Whatever theory Sir Frank had formed as to the case, it had certainly not included this incident. He had thought it possible that after Weathered had carried off the bottle his wife had found it and taken it in turn from him. He had never conjectured that the feeble-looking woman had been brave and cool enough to checkmate her husband in advance like this.

“For the moment I felt safe,” Mrs. Neobard went on steadily. “But how long could I expect to be from such a husband as mine? He was a doctor, and it was easy for him to obtain other poisons. He would have had to do that in any case, I think, as it turned out. Mrs. Baker quarrelled with him soon after, because he had advised her to kill a favourite cat. She refused to have anything more to do with him, and as her letters were more damaging to him than to her he had no hold on her. I soon found that he had destroyed them.”

This was another new light for the consultant. And it prepared him for what was to come next.
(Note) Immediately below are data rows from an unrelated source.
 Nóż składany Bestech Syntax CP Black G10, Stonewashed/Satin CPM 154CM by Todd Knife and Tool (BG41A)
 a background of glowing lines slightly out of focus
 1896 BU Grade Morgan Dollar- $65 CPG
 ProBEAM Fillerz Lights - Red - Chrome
“It seemed to me that my only chance of escape was to leave him. But what reason could I give to the world for doing so? I had nothing to complain of as far as his treatment of me was concerned. He was always perfectly courteous. We were on friendly terms outwardly. I couldn’t prove that he had been unfaithful to me; I wasn’t even sure in my own mind that he had been, yet, although the letters showed me that he was pursuing one of his victims. What could I say? Was I to denounce him publicly as a scoundrel, and produce the letters? I might have ruined dozens of innocent men and women. And I might fail. I might find that the world sided with him instead of me. I knew him well enough to know exactly what he would do. He would say that I had spied on his professional work, that I had pried into the secrets of his patients and that jealousy had made me insane. And he would have found plenty of people to believe him. A wife who betrays her husband is not likely to be forgiven.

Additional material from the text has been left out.